- _Items from a data source_:
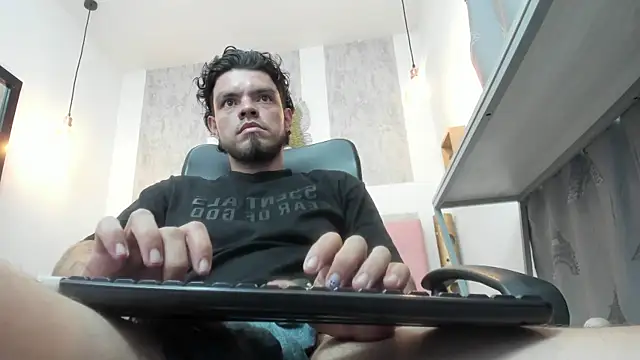 Enzo Turner online show from January 10, 5:45 am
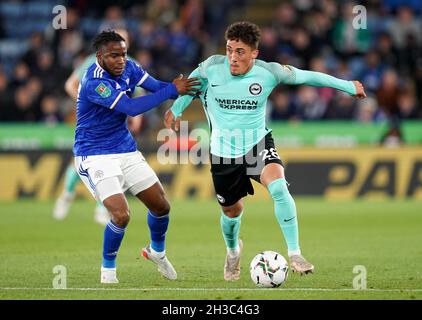 Ademola Lookman von Leicester City (links) und Haydon Roberts von Brighton und Hove Albion kämpfen während des Spiels der Carabao Cup Fourth Round im King Power Stadium, Leicester, um den Ball. Bilddatum: Mittwoch, 27. Oktober 2021. Stockfoto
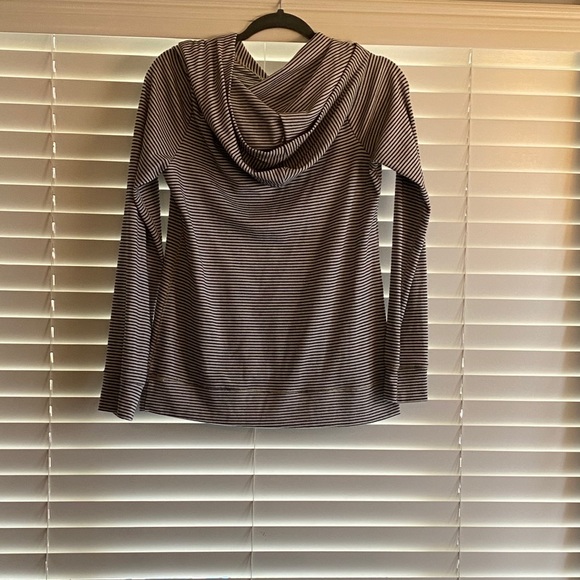 Sweater - Picture 3 of 3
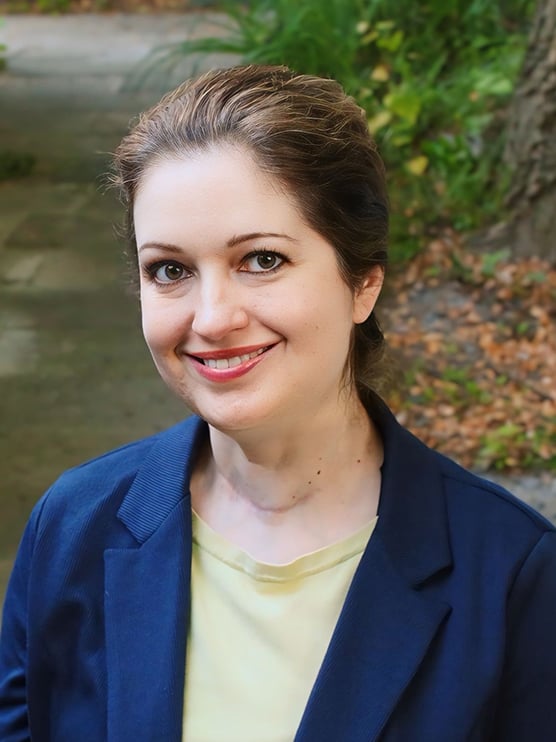 Spina-Headshot-web-1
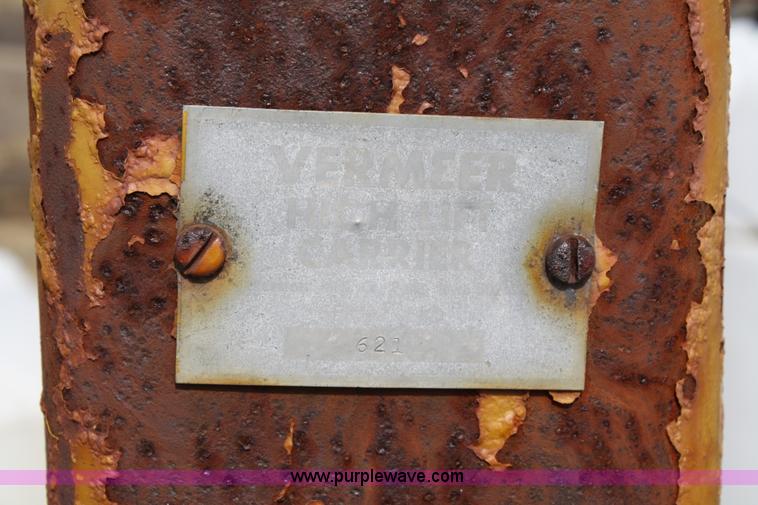 image for item 9956 Vermeer high lift carrier
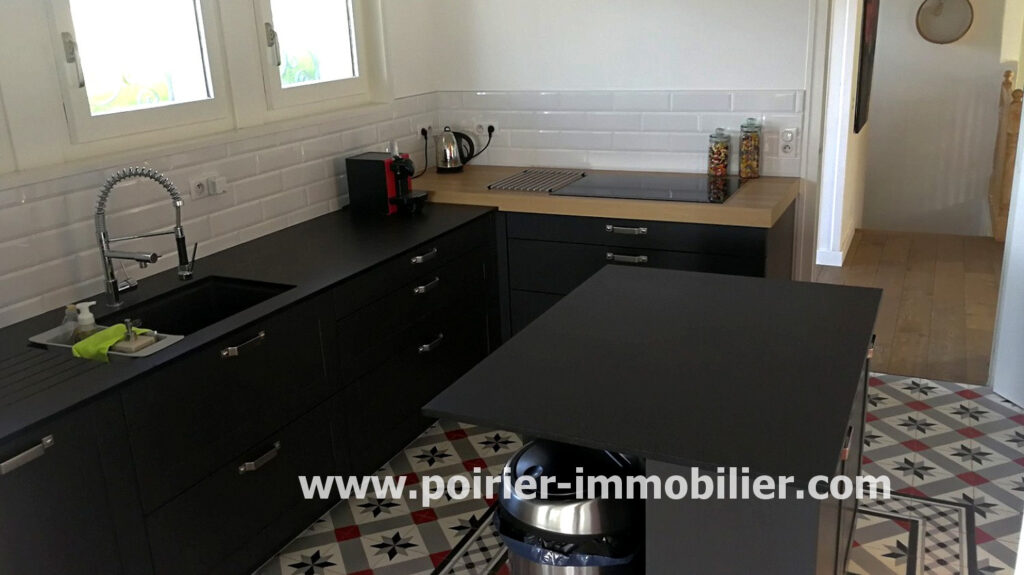 Villa sur Messery – 7 pièces – 5 chambres – 187 m²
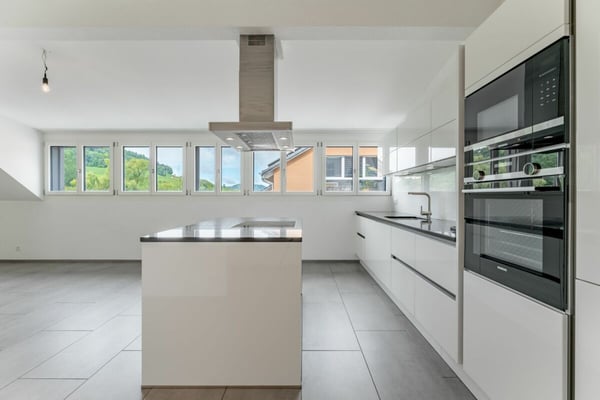 Bezugsbereite 4.5 Zimmer-Dachwohnung mit ebenerdigem Zugang
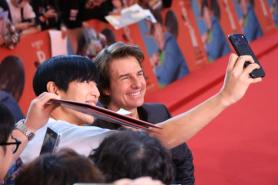 Tom Cruise attends red carpet ahead of Digger release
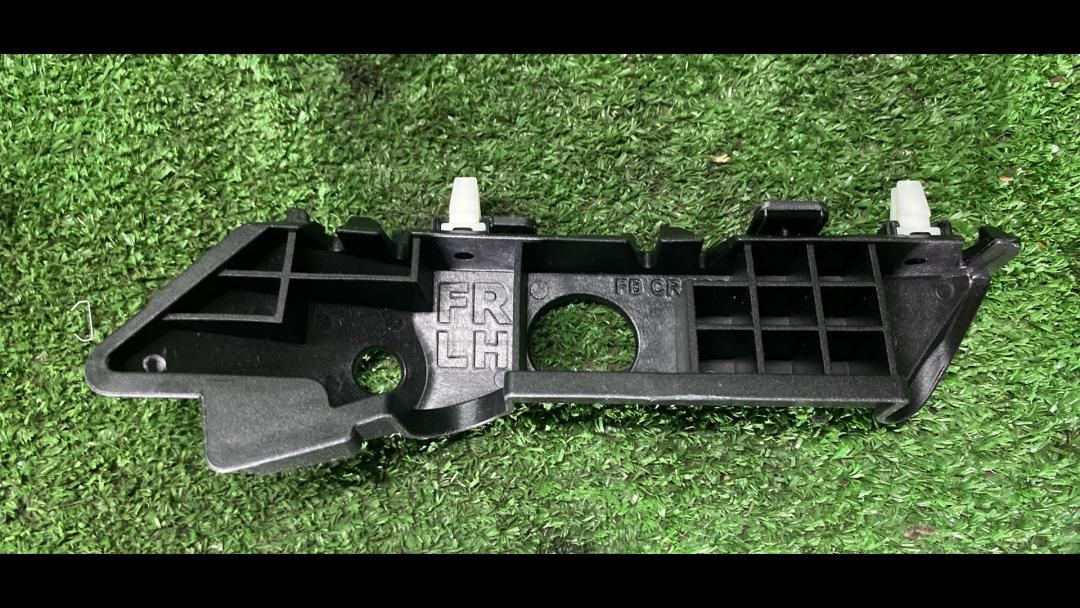 Крепление бампера переднего Kia Rio 4 поколение 2017, 86513H0500 - фото №1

- _Assignment_:
Print, exactly as written, the lines above from the first one to the one containing "Spina-Headshot-web-1". Leave out pictures.

- _Output for this exercise_:
 Enzo Turner online show from January 10, 5:45 am
 Ademola Lookman von Leicester City (links) und Haydon Roberts von Brighton und Hove Albion kämpfen während des Spiels der Carabao Cup Fourth Round im King Power Stadium, Leicester, um den Ball. Bilddatum: Mittwoch, 27. Oktober 2021. Stockfoto
 Sweater - Picture 3 of 3
 Spina-Headshot-web-1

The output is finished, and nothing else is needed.